The first part of this article described different approaches to quality–and in fact to different qualities. In this part, I’ll look at the problems with quality measures, and at emerging solutions.
Difficulties of assessing quality
The Methods chapter of a book from the National Center for Biotechnology Information at NIH lays out many of the hurdles that researchers and providers face when judging the quality of clinical care. I’ll summarize a few of the points from the Methods chapter here, but the chapter is well worth a read. The review showed how hard it is to measure accurately many of the things we’d like to know about.

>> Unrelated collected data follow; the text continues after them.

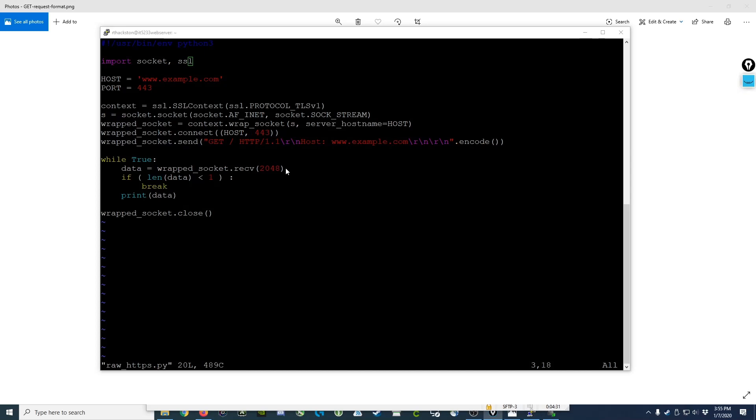So this is what it would look like to modify your code to be able to connect via HTTPS to a web server. So let's run it and see what happens.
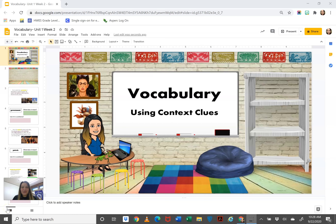Hi students! I hope you're having a wonderful day today and that you are ready for today's vocabulary lesson. Today you will learn how to use context clues to figure out the meaning of an unknown word.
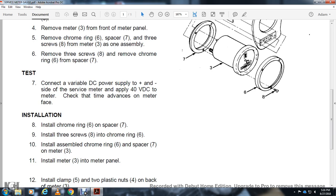Installation: Install chrome ring six on spacer seven. Install three screws eight onto chrome ring six. Install assembled chrome ring six and spacer seven on meter three.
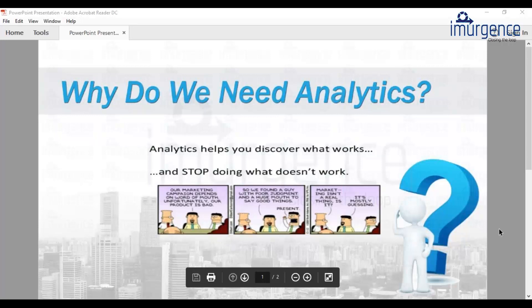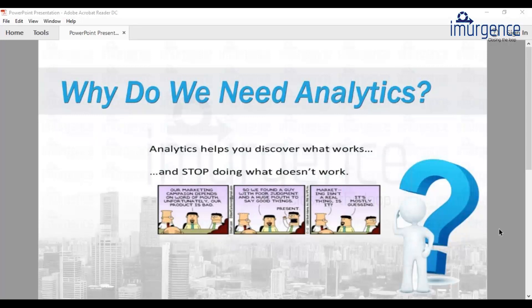So why do we need analytics? We have already spoken about this but let's reiterate. Analytics helps us to understand what works for us and what doesn't work for us. When we are doing a marketing campaign, sales, hiring, or operational things in an organization, a lot of data gets collected over time. But as data becomes larger and becomes difficult to interpret with Excel sheets, and as the dimensionality of the data increases, it becomes very difficult.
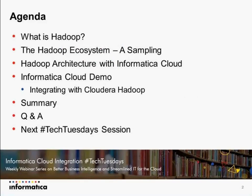On today's agenda, we'll have a brief overview of what exactly Hadoop is, what the Hadoop ecosystem looks like, and how you would use Informatica Cloud within the Hadoop architecture. Then we'll get into the demo, followed by a summary of our learnings, Q&A, and a look at Next Tech Tuesdays.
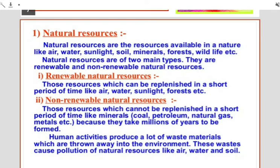We all know that the earth is a reservoir of plenty of resources required by organisms for normal growth, maintenance and other life processes. These are called resources — things like air, water, soil, food, clothes, medicine, petrol, and furniture. These are all different resources that help us live on this earth. Resources can be defined as the reserve stock of materials required for the sustenance of living organisms.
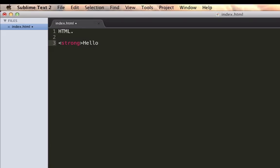And then, to close the strong section, we'll open our triangular brackets again. This is usually the case—you type slash, and then the keyword. So, slash strong is going to close the strong tag.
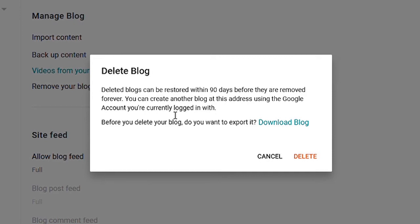Also here it says you can create another blog at this address using the Google account.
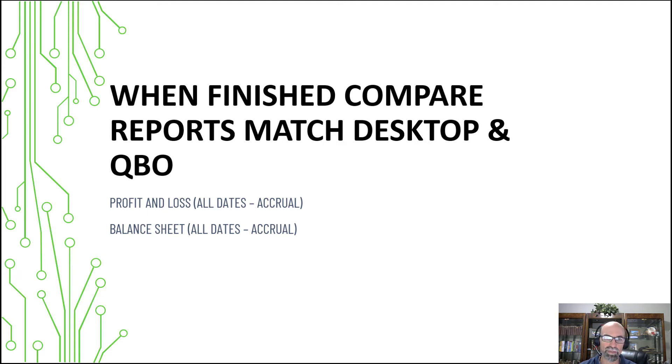If you're making the switch at some point and going all into the cloud, you're going to start doing all your transactions on the QuickBooks Online version.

For instance, if variations within a hospital approach (or exceed) the variations between hospitals, there is little benefit to comparing hospitals using that measure. If the same physician gets wildly different scores from year to year, the validity of the measure is suspect. When care is given by multiple doctors and care teams, it is unjust to ascribe the outcome to patient’s principal caretaker. If random variations outweigh everything, the measure is of no use at all. One must also keep in mind practical considerations, such as making sure the process of collecting data would not cost too much.
Many measures apply to a narrow range of patients (for instance, those with pneumonia) and therefore may be skewed for doctors with a relatively small sample of those patients. And a severe winter could elevate mortality from pneumonia, particularly if patients have trouble getting adequate shelter and heat. In general, “For most outcomes, the impacts of random variation and patient factors beyond providers’ control often overwhelm differences attributable to provider quality.” ACMQ quality measures “most likely cannot definitively distinguish poor quality providers from high quality providers, but rather may illuminate potential quality problems for consideration of further investigation.”
The chapter helps explain why many researchers fall back on standard of care. Providers don’t trust outcome-based measures because of random variations and factors beyond their control, including poverty and other demographics. It’s hard even to know what contributed to a death, because in the final months it may not have been feasible to complete the diagnoses of a patient. Thus, doctors prefer “process measures.”
Among the criteria for evaluating quality indicators we see, “Does the indicator capture an aspect of quality that is widely regarded as important?” and more subtly, “subject to provider or public health system control?” The latter criterion heed physicians who say, “We don’t want to be blamed for bad habits or other reasons for noncompliance on the part of our patients, or for environmental factors such as poverty that resist quick fixes.”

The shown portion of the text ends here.